Gottlieb went after its manufacturer, Centocor, a biotech firm in Pennsylvania.
"I hustled them. I said, 'This is absolutely dramatic. You've got to fund a study for it,'" she said. "I told them, 'I'm going to make you smile.'
"And indeed I did."
Remicade, also known as infliximab, now is approved by the Food and Drug Administration for treating rheumatoid arthritis and psoriatic arthritis. It is widely prescribed as an "off-label" treatment for psoriasis -- a common and accepted medical practice. More than 600,000 patients have been treated with the drug, according to a spokesman for Centocor.
Late-stage trials for Centocor's Remicade confirm Gottlieb's earliest experiments. The company expects to submit data for governmental approval by year's end, which means it could reach market in as soon as 18 months.
Gottlieb also has had success with a number of other medications. Her research led to the approval of Amevive, also known as alefacept, a biologic approved by the FDA in January 2003 to treat moderate to severe psoriasis. The drug, made by Biogen IDEC, works by blocking T cells from functioning, interrupting the cell cycle that produces psoriasis.
She also oversaw some of the pivotal experimental trials on Raptiva, with the generic name efalizumab, approved by the FDA in October 2003 for treating moderate to severe psoriasis. The recombinant drug, made by Genentech, works by blocking the activation of T cells.
And in April 2004, Enbrel, a biologic made by Amgen & Wyeth that works like a sponge to sop up tumor necrosis factor-alpha, interrupting the inflammatory cycle of the disease, was approved by the FDA for treatment of moderate to severe psoriasis.
EARLY INSPIRATION
Gottlieb has been married 33 years to mathematician Allan Gottlieb and has two sons, David, 23, and Michael, 19.
The fact that she chose a career in medicine is hardly surprising. Her father, Gerhard Max Bendix, who died when she was just 11 weeks old, was a physician. Her maternal uncle, Ludwig Sternberger, was an immunologist who, like Gottlieb's mother, escaped Nazi Germany.
Gottlieb's interest in science started early. By the fifth grade she was devouring stories about "the vaccine guys" such as French microbiologist Louis Pasteur. She even dreamed of having a cure named after her.
"Alice was a very easy child, as long as you took her seriously," her mother says.
Gottlieb and her fraternal twin, Helen Bendix, were raised by their mother and grandmother, Emmie Sternberger. The girls did well in school, graduating at the top of their class.

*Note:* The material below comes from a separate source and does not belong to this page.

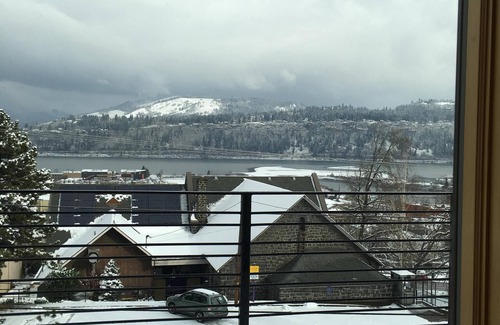 Hood River Casa | Urban Loft - Downtown Luxury Loft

Alice attended Bronx High School of Science; Helen went to Hunter College High School. They loved classical music and performed locally with their mother as the Bendix Trio. Alice played piano, Helen violin and Eva the cello.

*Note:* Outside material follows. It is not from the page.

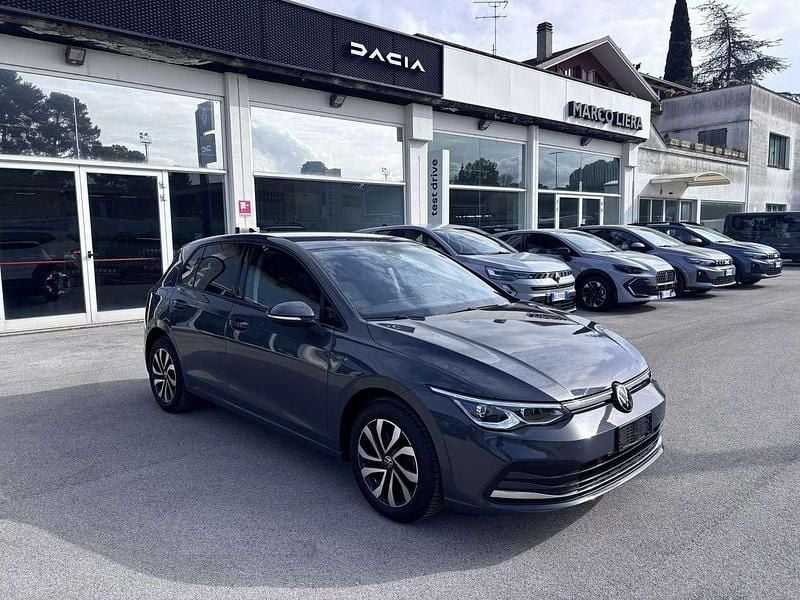 Begagnad VW Golf VIII Active 131 HK (96 kW) 2022 Grå Halvkombi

Gottlieb and her sister -- now a Superior Court judge in Los Angeles -- saw their mother as a woman of quiet strength and inspiration.

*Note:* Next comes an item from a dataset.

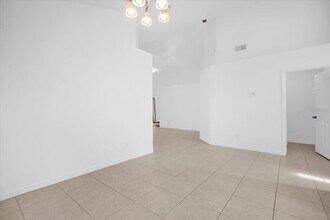 913 Emerald Green Ct in Kissimmee, FL - Building Photo - Building Photo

Schenk spent most of her youth in the 1930s and early 1940s moving through Europe and then the Middle East, staying one step ahead of the Nazis. When she arrived in New York in May 1948, she had $100 in her pocket, and seven suitcases. Schenk wanted to be a physician -- or a musician -- but she first needed to support herself. So she found a low-rent furnished room and a job in the garment industry.
"I told my daughters what I had learned from my own experience," Schenk said. "The most important thing you have is knowledge -- education. You can lose almost everything. But no one can take that away from you, even if they hit you over the head."
Schenk said she has a feeling her disease motivated Gottlieb's research. "I can't say this for sure, because I have never asked her."
A year ago, Schenk's psoriasis deteriorated into psoriatic arthritis. The lifelong stoic finally cried from the pain. It took 90 minutes just to get out of bed in her New York City apartment.
Then her daughter gave her Enbrel, the new drug with one of the best safety profiles. Within months, Schenk had recovered about 80 percent of her flexibility, and she continues to improve.
She even has started playing the cello again.
"It's pretty strange that a medicine I helped develop has so profoundly affected my mother's life," Gottlieb said. "But it's perfect, don't you think?"